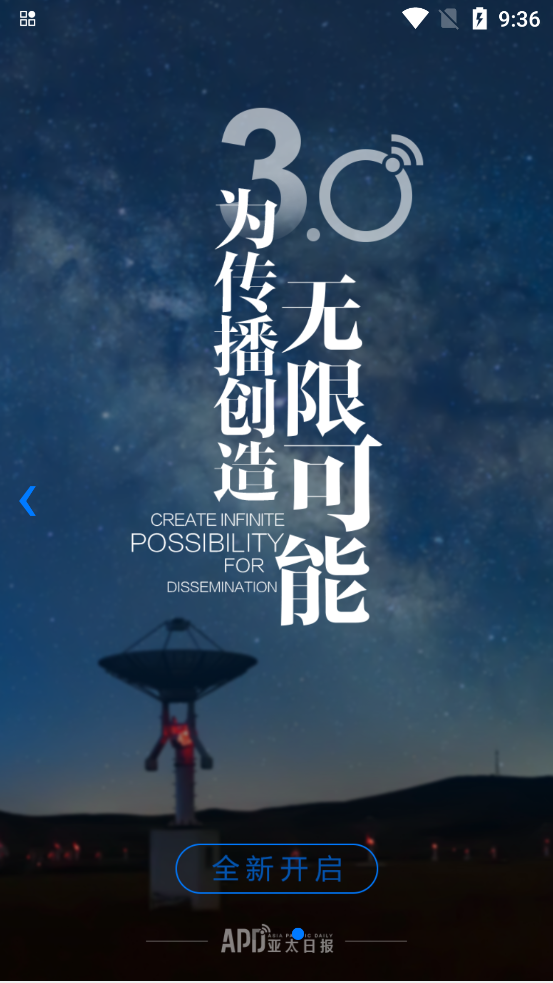 亚太日报app最新版3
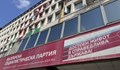 Първо заседание на новия Национален съвет на БСП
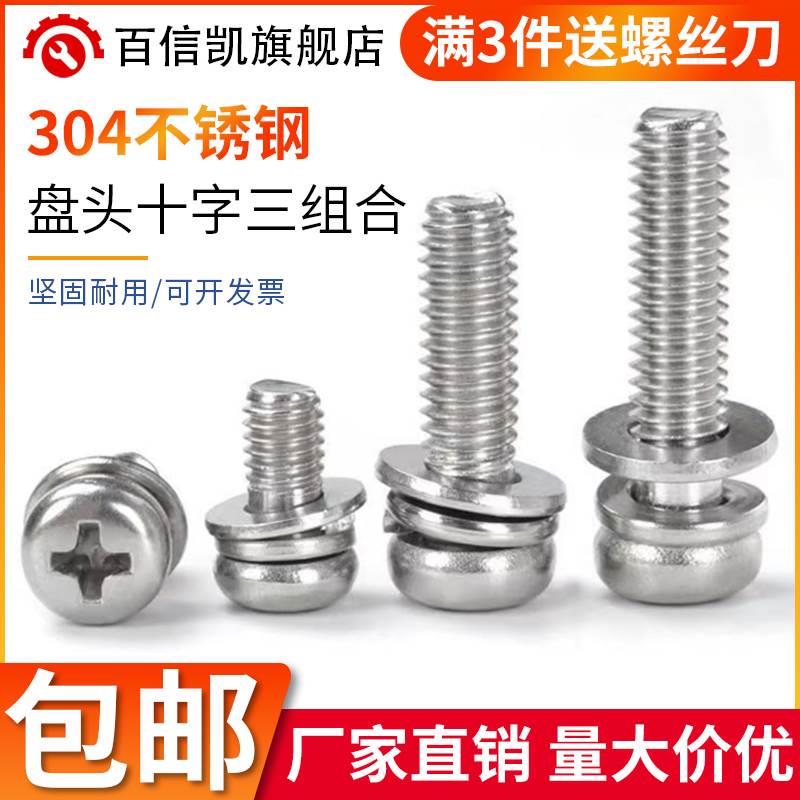 304不锈钢组合螺丝十字盘头圆头三组合螺钉弹平垫M2M2.5M3M4M5M6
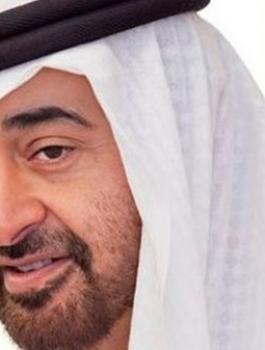 c45534bf9394d44486a417c870efd1ba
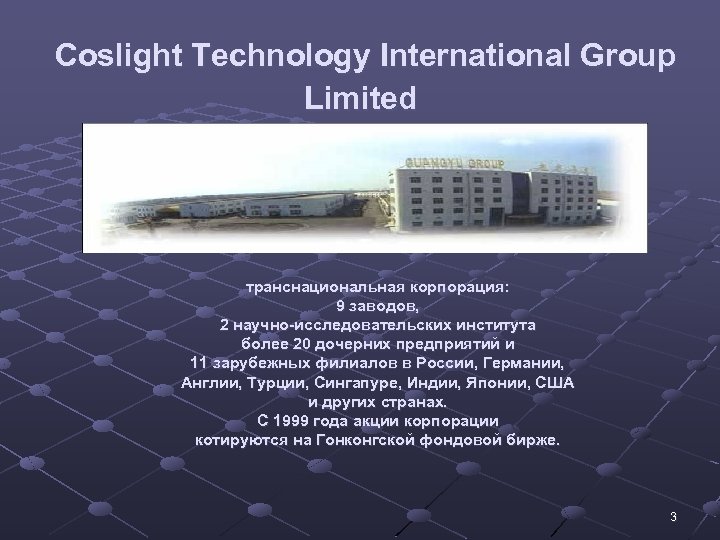 Coslight Technology International Group Limited транснациональная корпорация: 9 заводов, 2 научно-исследовательских института более 20
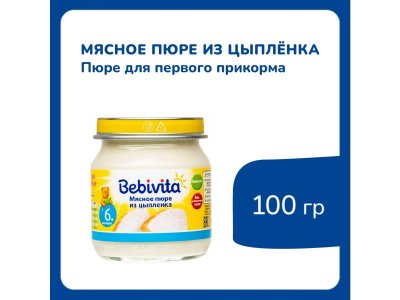 Пюре Bebivita Цыплёнок с 6 мес., 100 г 1-00453536_3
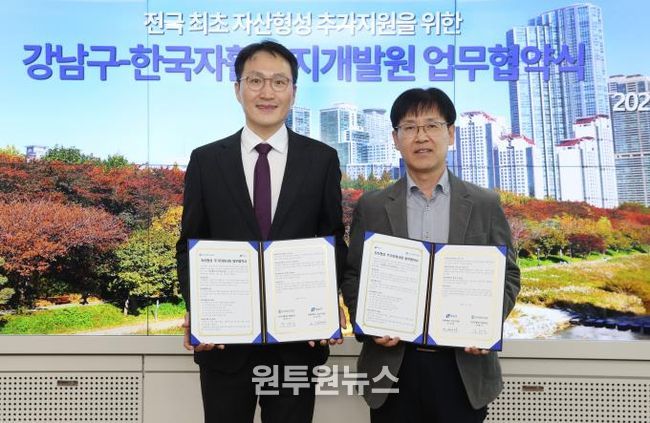 업무협약식_(오른쪽) 김진만 강남구 부구청장, (왼쪽) 정해식 한국자활복지개발원장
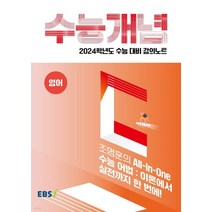 EBSi 강의노트 수능개념 영어 조명훈의 AllInOne 수능 어법 이론에서 실전까지 한 번에 (2023년), 분철안함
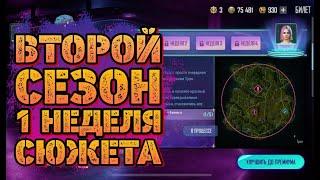 КАК НАЙТИ ПЛАКАТЫ ВТОРОЙ ГЛАВЫ В PUBG NEW STATE  КАК ВЫОЛНИТЬ ЗАДАНИЯ В ПУБГ НЬЮ СТЕЙТ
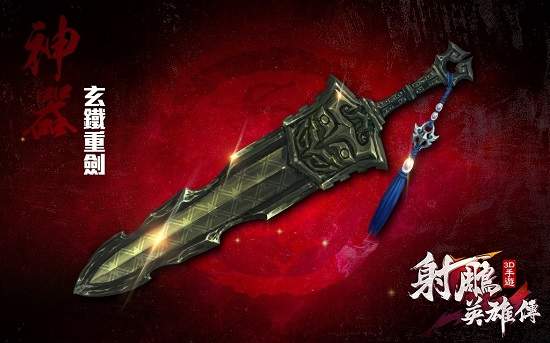 刀武器大全_高级武器零件_天刀高级武器制造材料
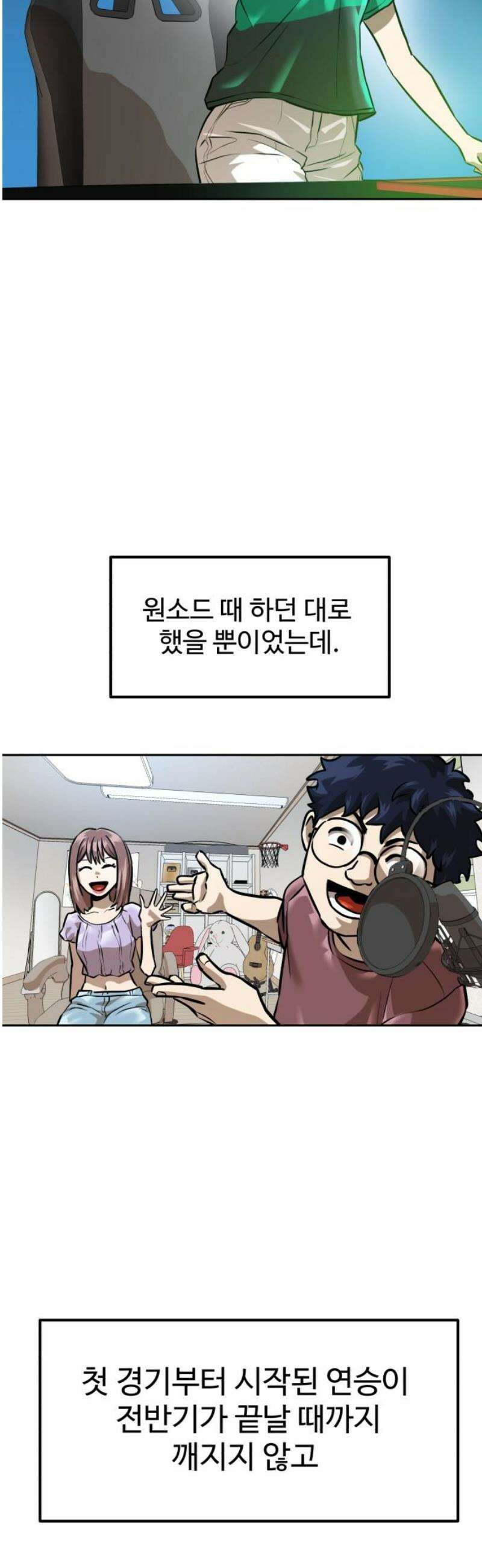 더블클릭 213화 25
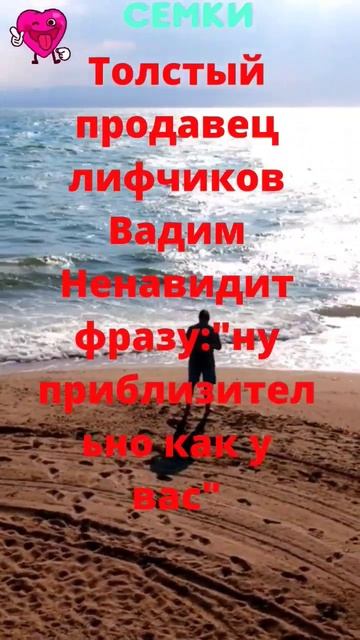 толстый вадим#продавец##анекдоты смешные #анекдоты смешные до слез #ржака #прикол #лол#shorts#short смотреть онлайн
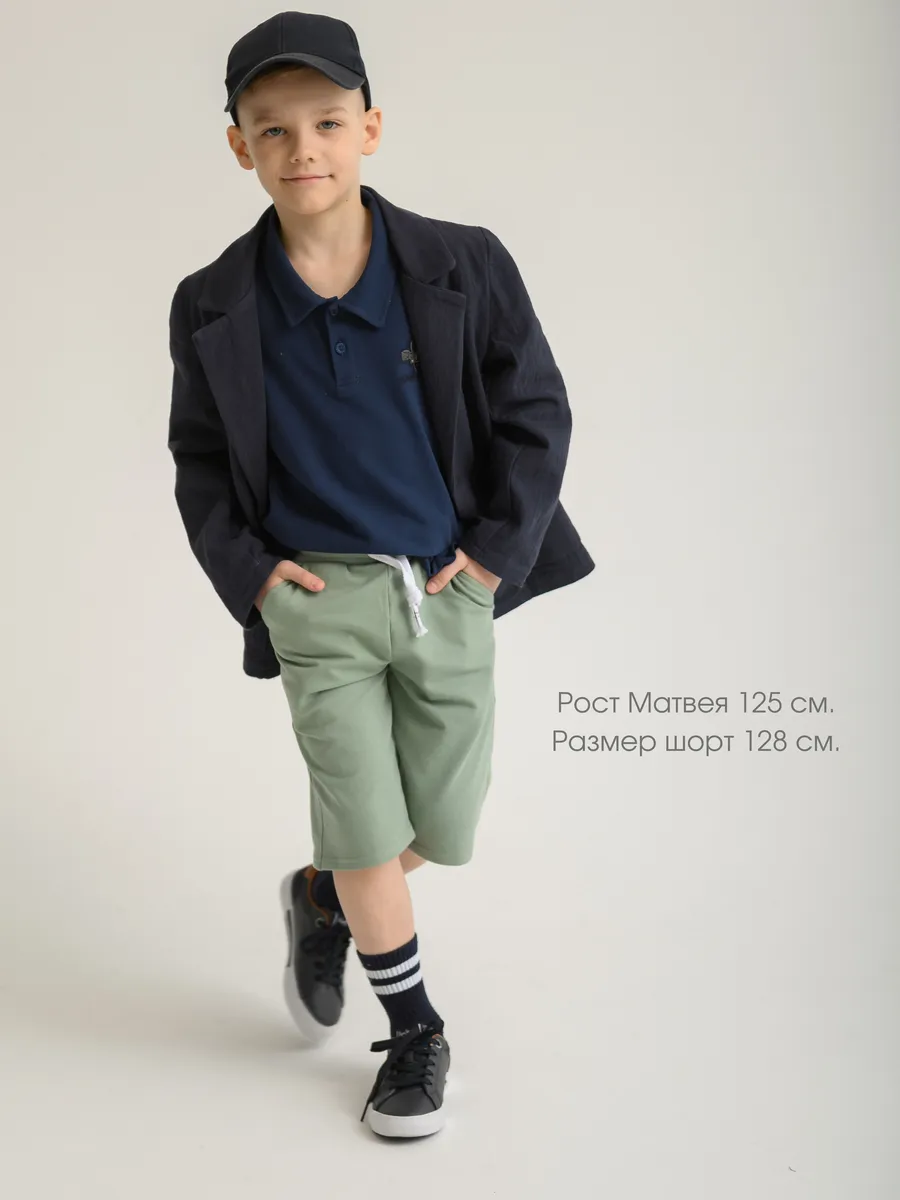 Шорты для мальчика (104/30, Зелёный)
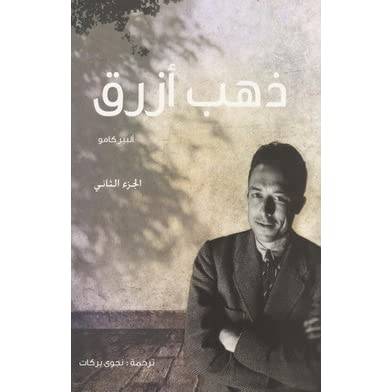 ذهب أزرق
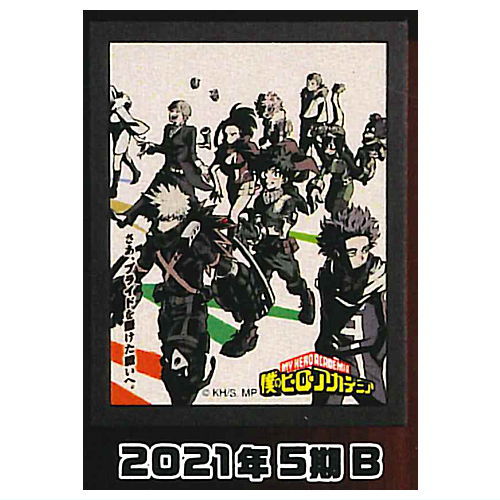 My Hero Academia Light-up Poster Collection [6.2021 5th term B]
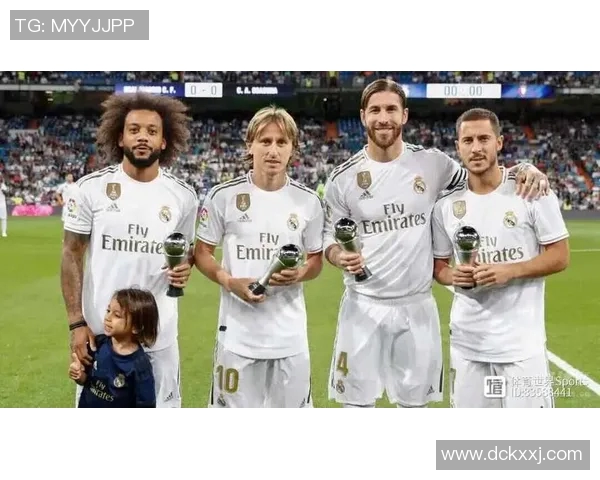 皇马4号球星身份揭秘:从青训到世界舞台的传奇之路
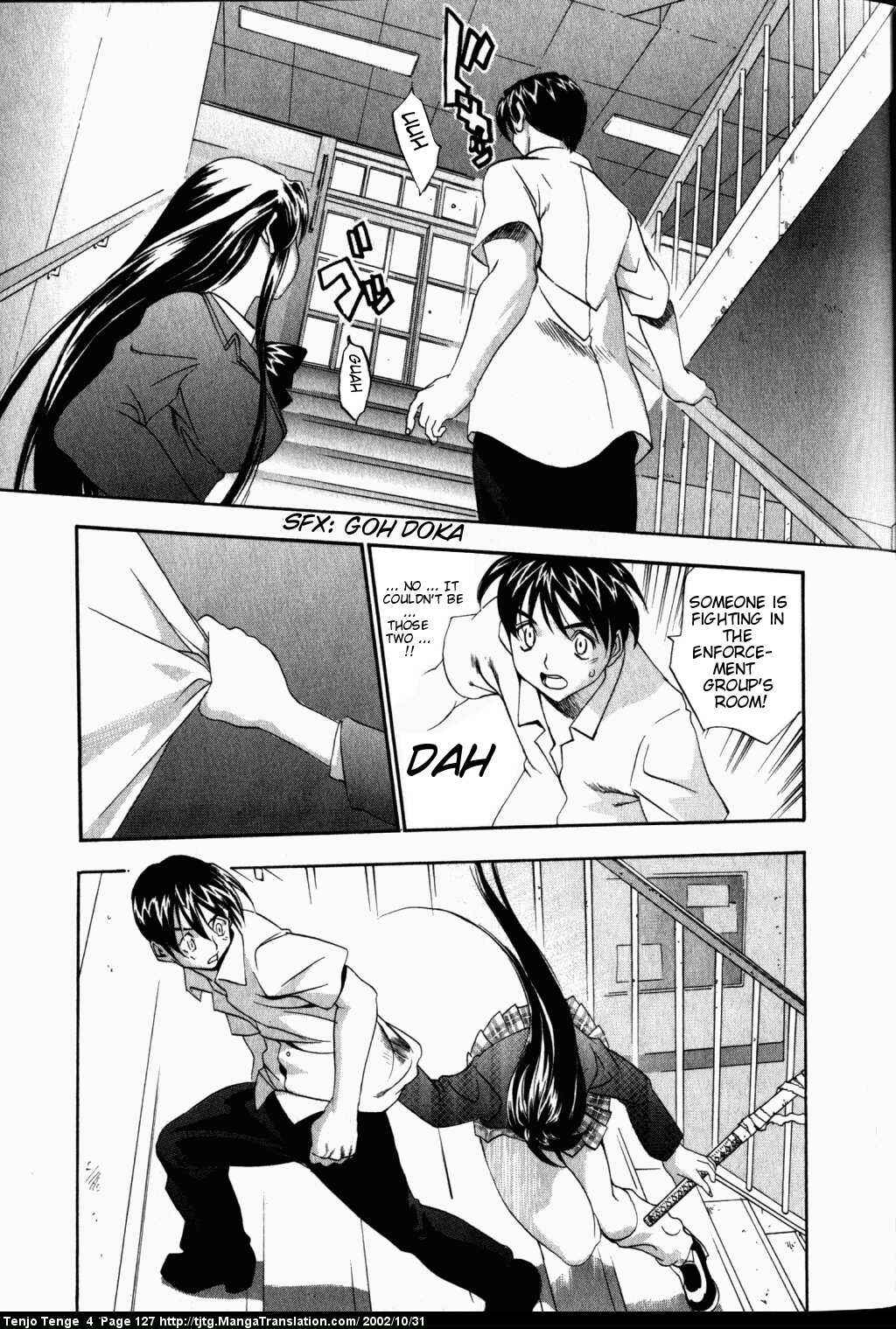 Tenjou Tenge Chapter 23 - Page 30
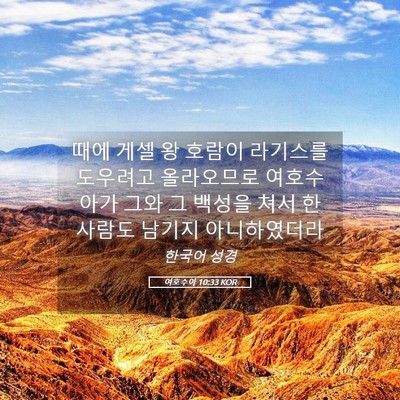 Picture 05 - 여호수아 10:33 KOR - 때에 게셀 왕 호람이 라기스를 - Bible Verse Picture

__PROBLEM STATEMENT__:
Take the line containing "My Hero Academia" as the first and the last line of the records as the end. Print every line in that span exactly, leaving out pictures.

__EXERCISE RESPONSE__:
 My Hero Academia Light-up Poster Collection [6.2021 5th term B]
 皇马4号球星身份揭秘:从青训到世界舞台的传奇之路
 Tenjou Tenge Chapter 23 - Page 30
 Picture 05 - 여호수아 10:33 KOR - 때에 게셀 왕 호람이 라기스를 - Bible Verse Picture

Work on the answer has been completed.